Nupur Basu’s Velvet Revolution – The Forgotten Pronoun

On an unseasonably rainy Saturday, the mood was bright at the British Council that hosted the screening of Velvet Revolution by Bangalorean journalist and filmmaker, Nupur Basu. The documentary was an interesting look under the hood of several journalists working in, well literally, battle zones. Common to all these intrepid, frontline journalists was that they are all women.

This question that sprang to mind was, “Can you be anything…and a woman?” And this becomes more true for some professions than others. Like journalism. Where women are commonly questioned for being on the field. In situations like that women make the news rather than report it. Velvet Revolution is the story of several such women journalists who report the truth, at any cost. A job that any (read, male) journalist would find difficult.

Basu’s documentary has been screened at UNHQ, on UNESCO’s International Day to End Impunity on Cruelty Against Journalists and even won Best Documentary Award at the Kashmir Film Festival. The journalists featured are from Philippines, Syria, Afghanistan, Bangladesh, India and Cameroon — each faced with conflict in her country. Each faced death threats and attacks in line. Some were exiled for doing their job.

Velvet Revolution- Nupur Basu

Nupur Basu

Journalism in these countries is not a profession you choose without considering its inherent strife. It takes the support of a family to report truth.

And therefore, in the telling of each woman’s story, it cannot escape you to notice how positively combative they can be. And femme. The two are not necessarily mutually exclusive.

But being fearless and femme was not their focus. The job needed to get done and someone needed to step up to do it. Someone. Anyone.
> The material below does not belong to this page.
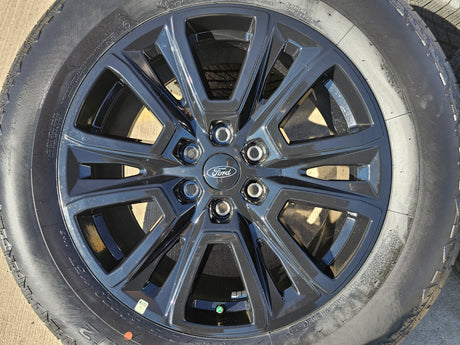 20" Ford F-150 LARIAT Limited OEM 10620 rims wheels Expedition 2025 2026 NEW Texas Truck Tire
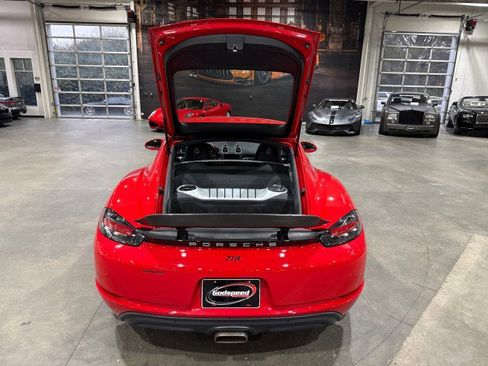 Used 2017 Porsche 718 Cayman Turbocharged Premium Pkg $71K image 11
These women don’t think of themselves as a woman first and anything else next.

Yet this is the question they are constantly faced with. “How can you be a Syrian, a journalist, and a woman?” Zaina Erhaim, a Syrian journalist, was constantly asked.

At the screening, I tried to capture the general feeling of all the women. I thought about how they go about their jobs… what the journalist from Cameroon feels when she receives mail addressed to a “Mr.” – the default honorific.
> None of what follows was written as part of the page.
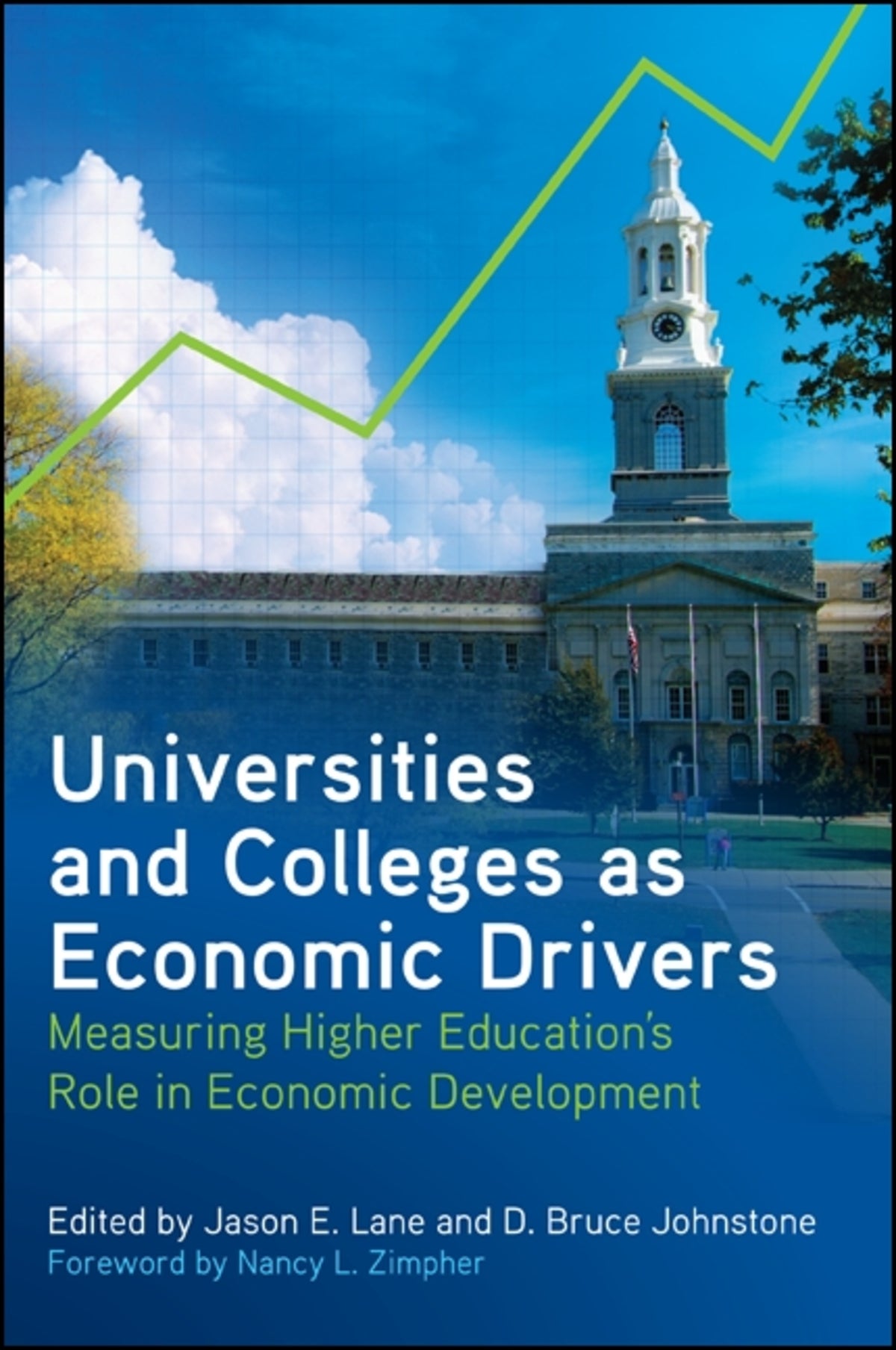 Cover image for Universities and Colleges as Economic Drivers ISBN 9781438445014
And “she” is the forgotten pronoun.

And who better to tell the story than Nupur Basu, who is a journalist and a woman and embodies the spirit I look up to – purposeful but with humour.

Her revolution, the Velvet Revolution, she continues to forge ahead with. A revolution, her fellow journalists agree, will become citizen-driven, and large enough that no journalist, even male, will be able to report of without their inclusion.

In the Q&A that followed, inevitably, there were those who use Q&A as platforms for their own declamation. Basu was deft. And one gentleman whose forceful delivery made him seem belligerent and combative, started to ask his question.

“Would he…” he started.

Basu cut him off.

“You mean ‘she’,” she corrected him, “would ‘she’.”


Velvet Revolution was the joint effort of contributing directors Ilang Ilang Quijano (Philippines), Deepika Sharma (India), Eva Brownstein (USA on Bangladesh), Pochi Tamba Nsoh and Sidonie Pongmoni (Cameroon). Nupur Basu, Executive Producer and Project Director of the documentary, did the segments on the journalists from Syria and Afghanistan, the Panama Papers segment and Lyse Doucet. The film was produced by the International Association of Women in Radio and Television (IAWRT), a network of women journalists and filmmakers. The trailer of Velvet Revolution is available to watch right here: We wish Basu would publish the entire documentary online – if the terms of her licence allows her.